Basis of Presentation-The accompanying unaudited consolidated financial statements of the Company have been prepared pursuant to the rules of the Securities and Exchange Commission (“SEC”). These financial statements should be read in conjunction with the more detailed financial statements and notes thereto included in the Company’s Annual Report on Form 10-K for the year ended December 31, 2018.

In the opinion of management, the accompanying unaudited financial statements reflect all adjustments, consisting only of normal and recurring adjustments, necessary for a fair statement of the financial position, results of operations and cash flows of the Company for the periods presented. Certain previously reported amounts have been reclassified to conform to the current presentation.

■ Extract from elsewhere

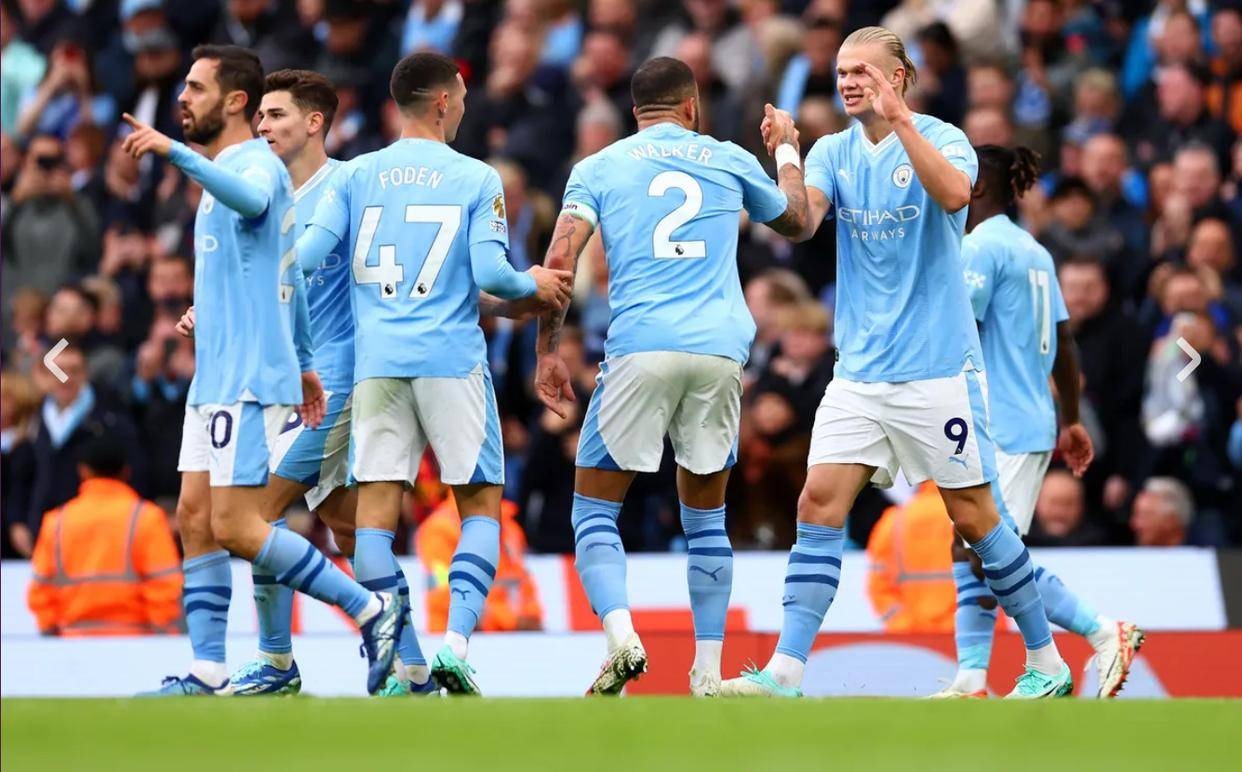 加球棒摩擦 加球棒摩擦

Use of Estimates-The preparation of the Company’s financial statements in conformity with accounting principles generally accepted in the United States (“GAAP”) requires management to make estimates, judgments and assumptions that affect the reported amounts of assets and liabilities, the disclosures of contingent assets and liabilities at the date of the financial statements and the reported amounts of revenues and expenses during the reporting period. The Company bases its estimates on historical experience and on various other assumptions that are believed to be reasonable under the circumstances, the results of which form the basis for making judgments about the carrying values of assets and liabilities that are not readily apparent from other sources. Actual results may differ from these estimates under different assumptions or conditions.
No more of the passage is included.